Speaking of Thuringia: LORENZ WIELENGA examines the question of whether the procedure for banning a party under Article 21 (2) of the Basic Law would also permit the banning of just one regional association of that party. Yes, it would, he says, and in the case of the Thuringian AfD it would not be a walk in the park, but it would not be inconceivable either. LEONIE DE JONGE and ANNA-SOPHIE HEINZE provide a European context for the AfD’s surge in the polls: They explain where this surge, which can be observed all over Europe, comes from and which strategies appear successful to contain it.

KILIAN WEGNER’s reflections on the term “clan criminality“, which the current German Home Secretary seems to find just as attractive as her predecessors as a way to highlight whom Germans should fear more than other criminals, has made a big splash. Wegner warns of the enormous damage that such a criminal policy linked to ethnic characteristics or “ancestry” can cause.

This summer has been, even if it has not always felt like it in Germany, continuously breaking global heat records.
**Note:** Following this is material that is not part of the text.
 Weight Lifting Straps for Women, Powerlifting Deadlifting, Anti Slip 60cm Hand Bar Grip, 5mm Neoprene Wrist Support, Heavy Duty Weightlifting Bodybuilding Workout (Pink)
In LANDO KIRCHMAIR’s view, constitutional dogma in Germany must change along with the climate: According to Kirchmair, Article 20a of the Basic Law, binding the state to the objective of environmental protection, not only sets an objective for the legislature, but also provides it with a legal standard against which every law that is harmful to the climate must be measured.

Our series of articles on climate protests has continued with fascinating insights from the UK by ADAM WAGNER and from Australia by LIZ HICKS, both of whom show how blatantly the freedom of assembly and expression of climate activists is now being curtailed in their respective countries.